Hyperledger Fabric: a Distributed Operating System for Permissioned Blockchains

April 8, 2019

Marko Vukolić


Hyperledger Fabric: a Distributed Operating System for Permissioned Blockchains

Time:   10:45am
Location:   Meeting room 302 (Mountain View), level 3

Fabric is a modular and extensible open-source system for deploying and operating permissioned blockchains and one of the Hyperledger projects hosted by the Linux Foundation (www.hyperledger.org). Fabric supports modular consensus protocols, which allows the system to be tailored to particular use cases and trust models. Fabric is also the first blockchain system that runs distributed applications written in standard, general-purpose programming languages, without systemic dependency on a native cryptocurrency. This stands in sharp contrast to existing blockchain platforms that require “smart-contracts” to be written in domain-specific languages or rely on a cryptocurrency.
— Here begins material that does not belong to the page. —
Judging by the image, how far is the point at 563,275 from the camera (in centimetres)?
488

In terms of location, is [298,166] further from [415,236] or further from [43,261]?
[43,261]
Fabric realizes the permissioned model using a portable notion of membership, which may be integrated with industry-standard identity management. To support such flexibility, Fabric introduces an entirely novel blockchain design and revamps the way blockchains cope with non-determinism, resource exhaustion, and performance attacks. Although not yet performance-optimized, Fabric achieves, in certain popular deployment configurations, end-to-end throughput of more than 3500 transactions per second (of a Bitcoin-inspired digital currency), with sub-second latency, scaling well to over 100 peers. In this talk we discuss Hyperledger Fabric architecture, detailing the rationale behind various design decisions. We also briefly discuss distributed ledger technology (DLT) use cases to which Hyperledger Fabric is relevant, including financial industry, manufacturing industry, supply chain management, government use cases and many more.